5. Part III: Managing data in SPSS

5.4. Sorting and merging data

 The sort syntax is quite simple, and you can write this yourself.  If I want to sort cases by sex, in ascending order (although for this type of variable it probably doesn’t matter whether ascending or descending), I can simply type into my syntax file the following:

           sort cases by sex(A).

The command to sort your data is sort cases.  The “A” in brackets at the end of the statement indicates we want the data sorted in ascending order – you can write “D” if you want descending.

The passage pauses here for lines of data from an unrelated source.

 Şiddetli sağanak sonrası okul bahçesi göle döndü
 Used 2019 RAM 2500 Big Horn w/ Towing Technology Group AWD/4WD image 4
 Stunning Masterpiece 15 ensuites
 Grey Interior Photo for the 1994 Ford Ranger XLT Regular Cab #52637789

Let’s say now, we have an additional variable – year – that we have in a separate dataset.  This second dataset has the same participants as our HLTH1025_2016 dataset, and they are identified by the variable IDnumber.  But we have several years’ worth of data from this course, and when we put it all together, we want to be able to identify which students belong to which cohort (year of study).

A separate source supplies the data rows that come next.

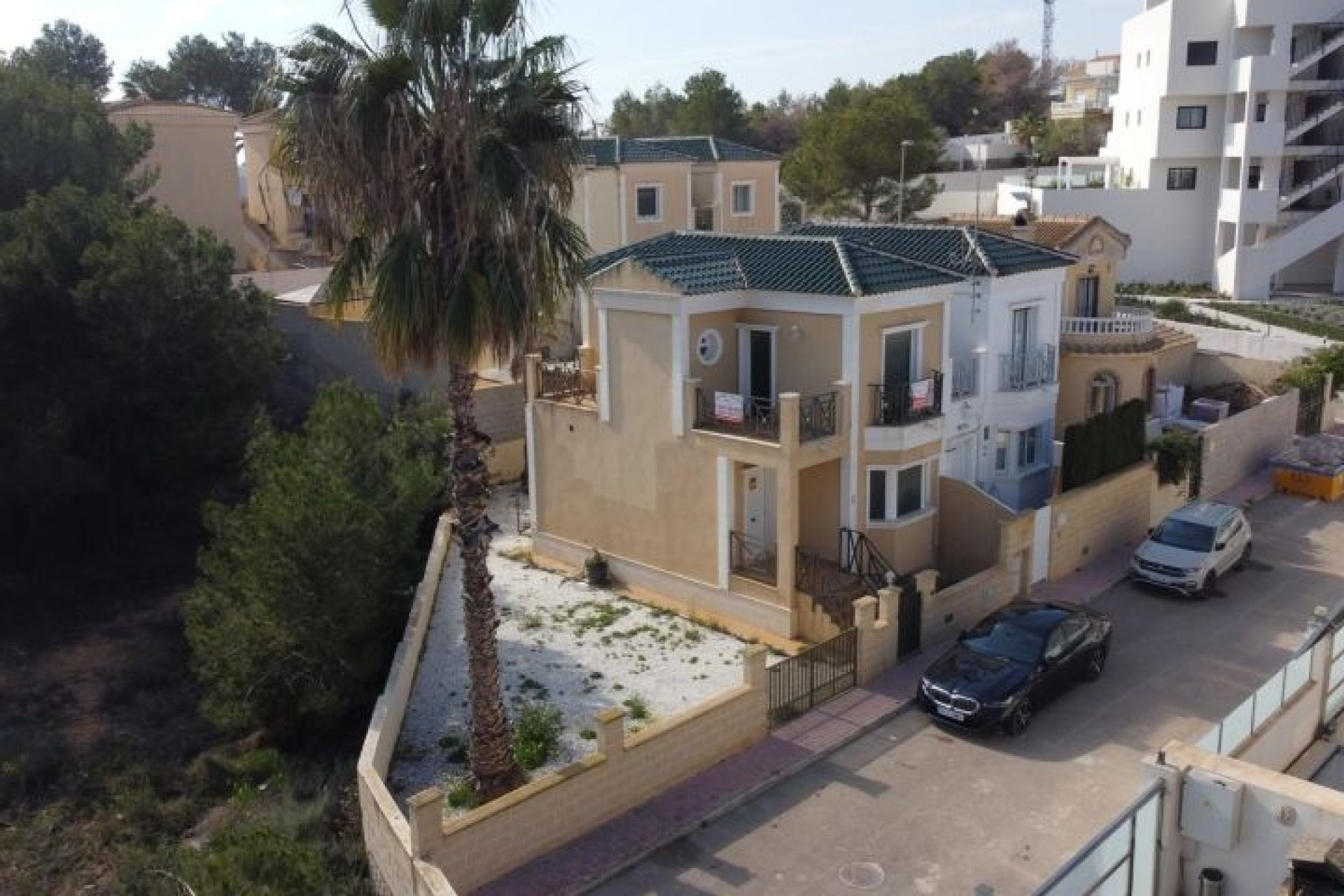 Használt Ingatlanok - Villa -
Orihuela - Inland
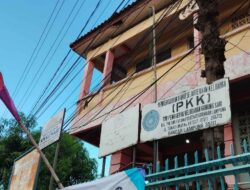 Kantor Kelurahan Gunung Sari Berantakan Dengan Kabel Internet Yang Dipasang Sembarangan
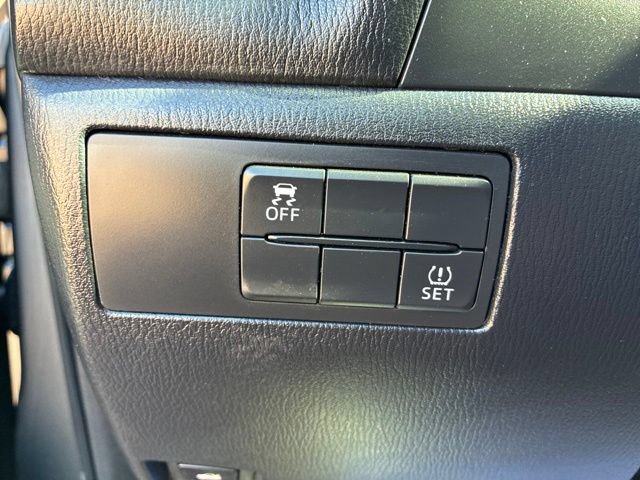 Used 2018 MAZDA MAZDA3 Sport FWD image 25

The students we have information about belong to the second year of the study.  We need to merge this variable in to our main dataset.

This is a relatively simple merge procedure, but demonstrates the key steps involved.

 

task   Task: Sort and merge data

1. You already have open the main dataset (HLTH1025_2016).  You now need to open the second dataset, called HLTH1025_2016_yr.  Do this using the get file syntax:

get file=‘HLTH1025_2016_yr’.

We also want to name this second dataset – it will help us to tell SPSS exactly which dataset we want to do things with … we’ll see in a minute when we sort.  So use the dataset name syntax to name your new dataset:

dataset name HLTH1025_2016_yr window=front.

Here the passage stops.